"""

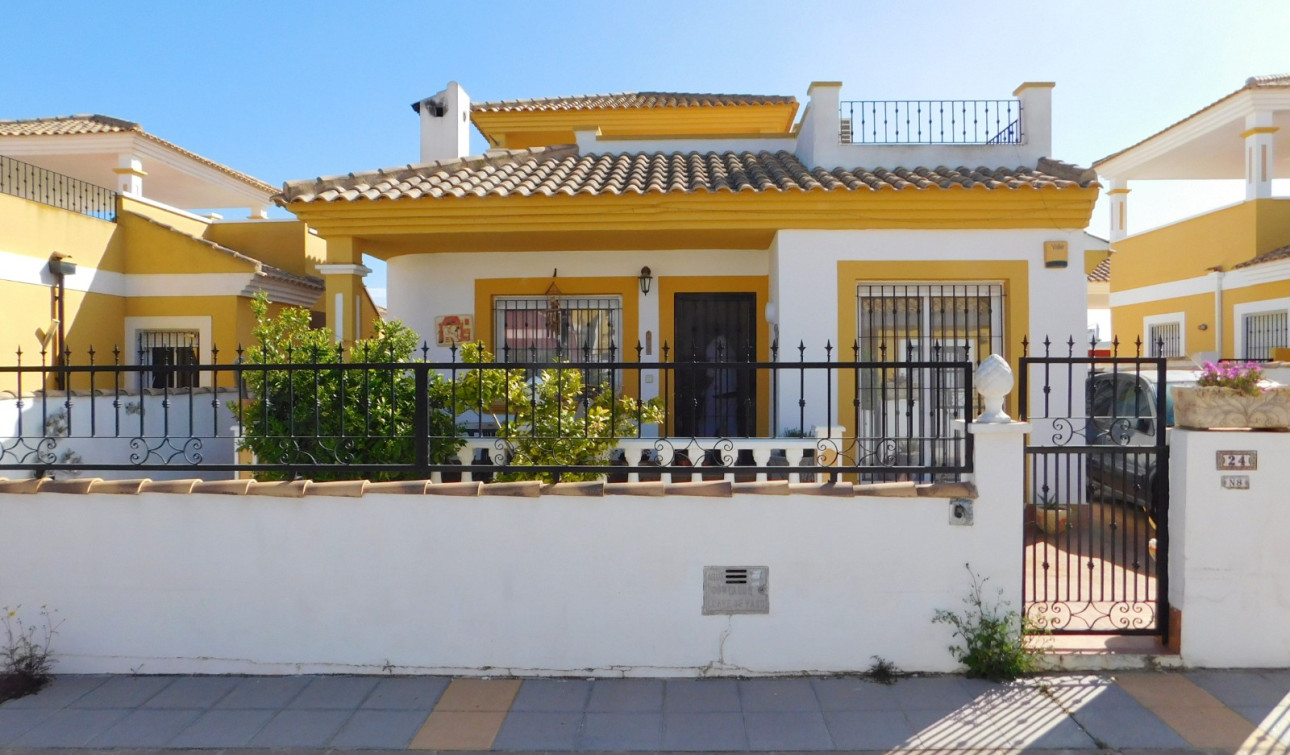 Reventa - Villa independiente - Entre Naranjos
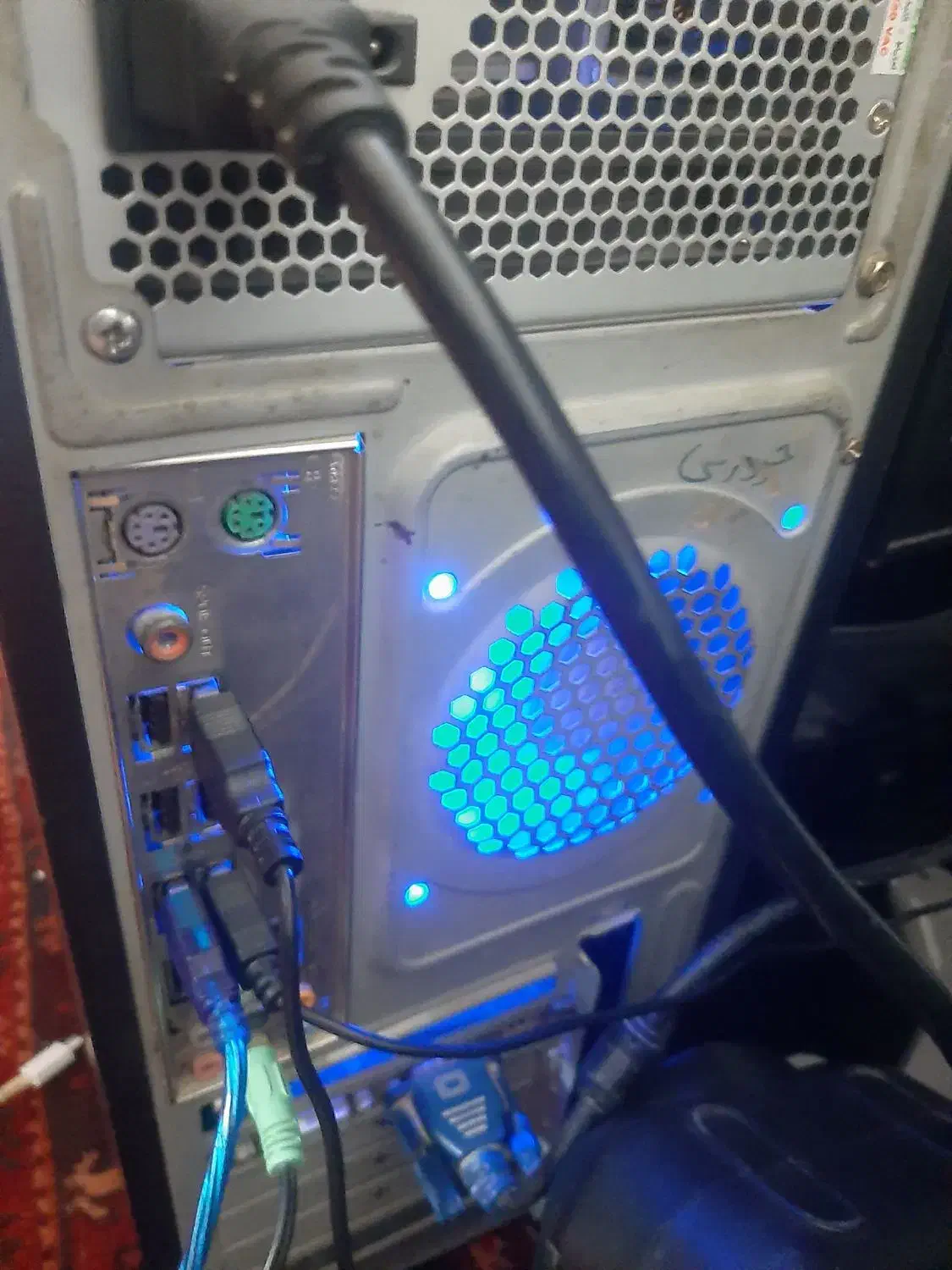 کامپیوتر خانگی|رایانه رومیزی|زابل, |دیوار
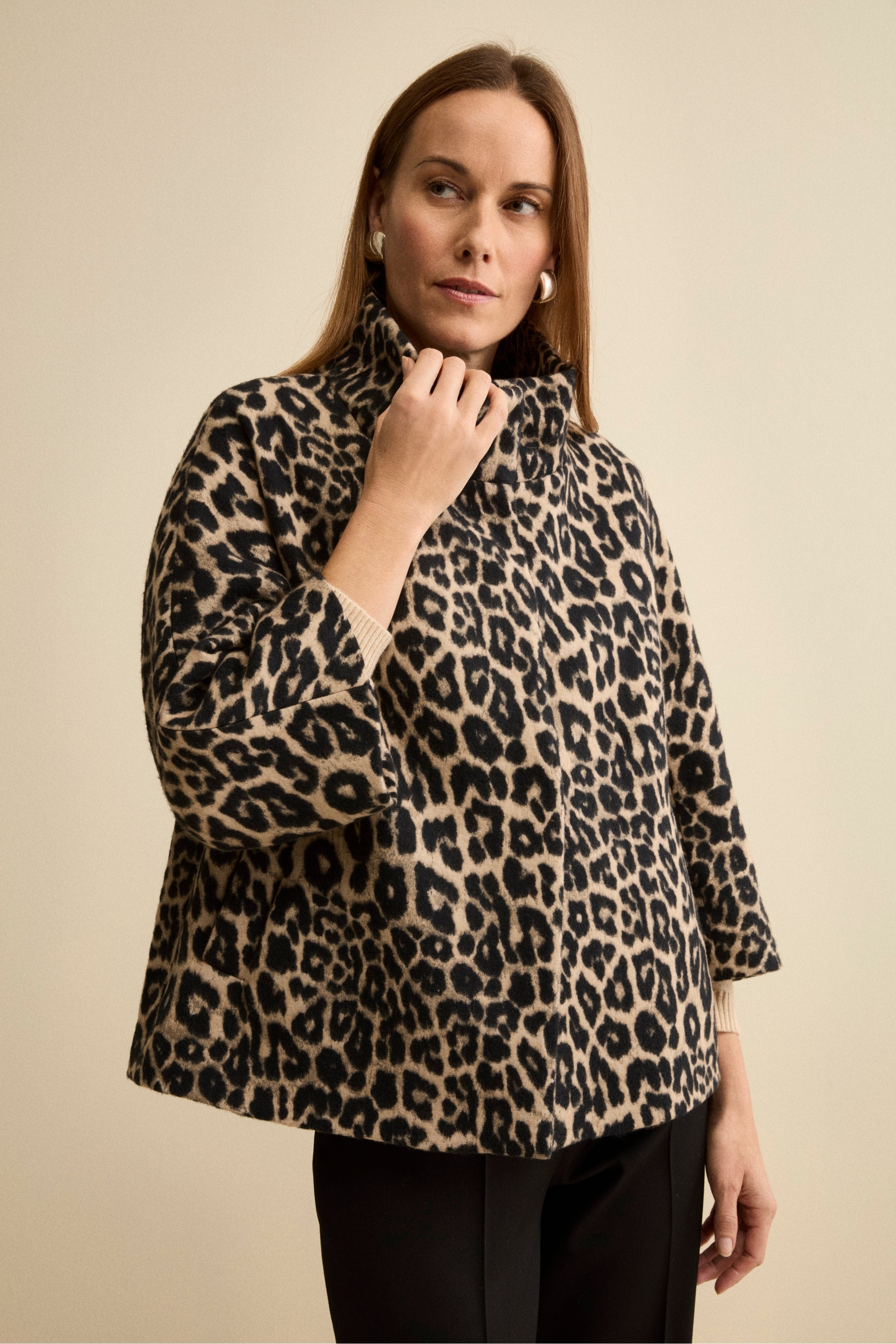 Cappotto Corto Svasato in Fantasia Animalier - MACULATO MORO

"""
"""

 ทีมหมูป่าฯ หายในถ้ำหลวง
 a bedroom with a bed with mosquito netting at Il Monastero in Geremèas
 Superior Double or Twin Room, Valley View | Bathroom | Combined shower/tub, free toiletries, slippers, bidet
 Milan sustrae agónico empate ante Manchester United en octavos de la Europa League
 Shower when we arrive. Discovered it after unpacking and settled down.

"""
"""

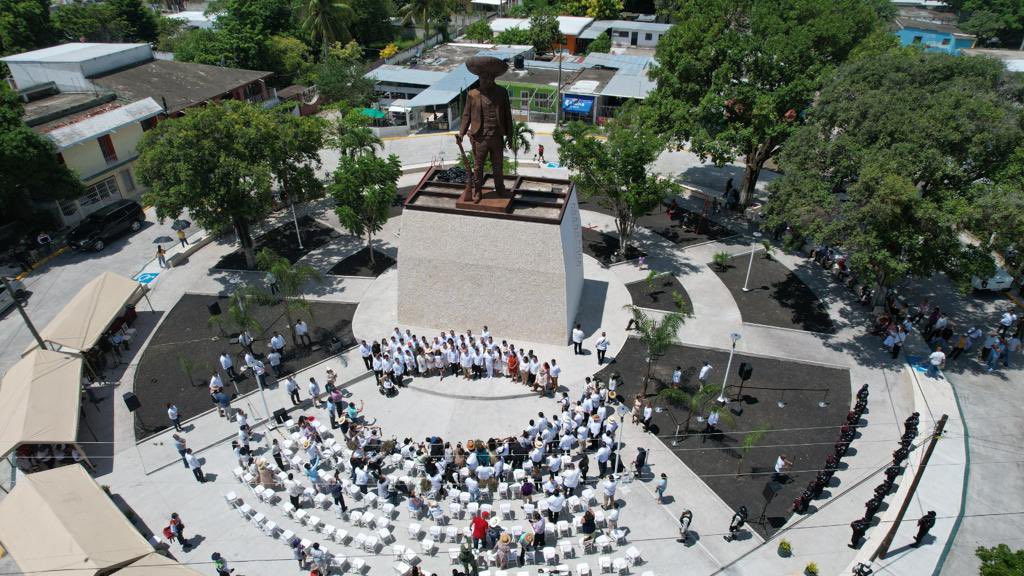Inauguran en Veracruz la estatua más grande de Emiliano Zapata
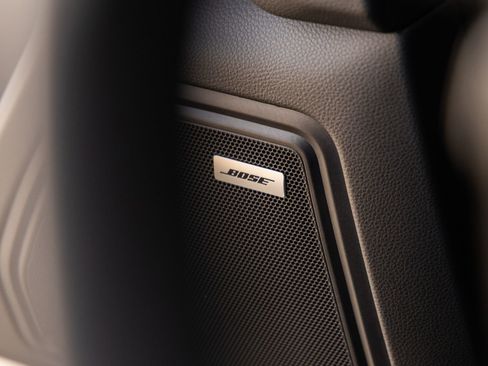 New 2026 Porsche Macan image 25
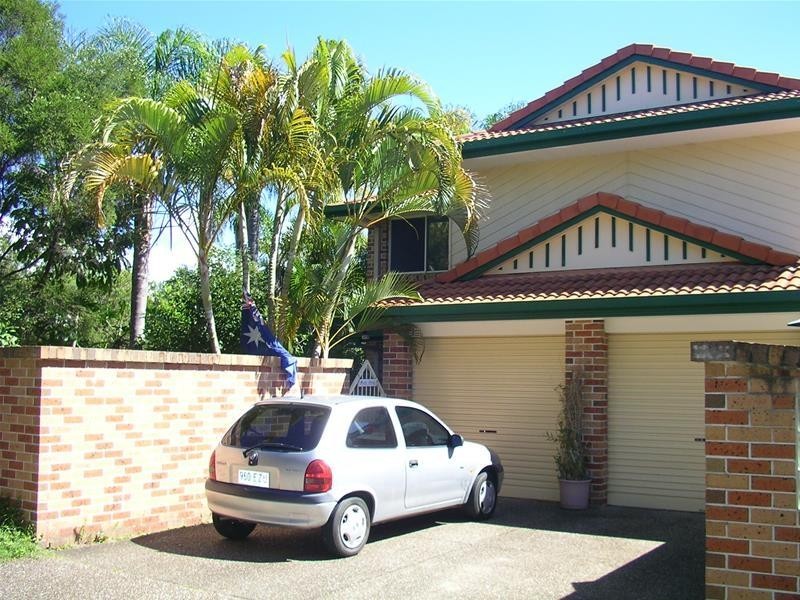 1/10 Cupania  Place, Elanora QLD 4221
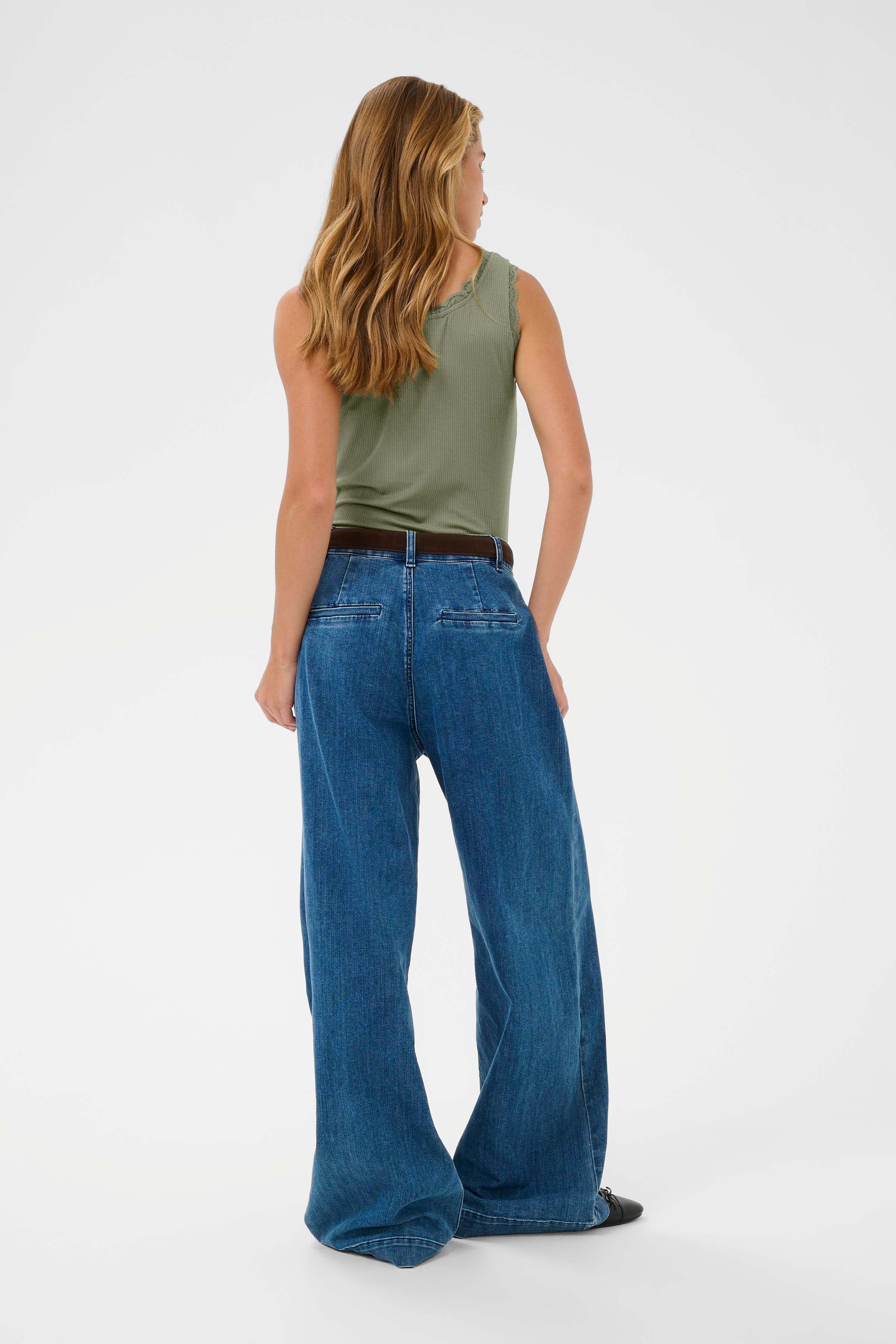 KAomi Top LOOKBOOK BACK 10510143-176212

"""

> **TASK STATEMENT**
Only the lines of the listing above from the one with "Reventa - Villa" through the one with "Cappotto Corto Svasato" should be output, exactly, with both ends kept and pictures left out.

> **ANSWER TO THIS EXERCISE**
 Reventa - Villa independiente - Entre Naranjos
 کامپیوتر خانگی|رایانه رومیزی|زابل, |دیوار
 Cappotto Corto Svasato in Fantasia Animalier - MACULATO MORO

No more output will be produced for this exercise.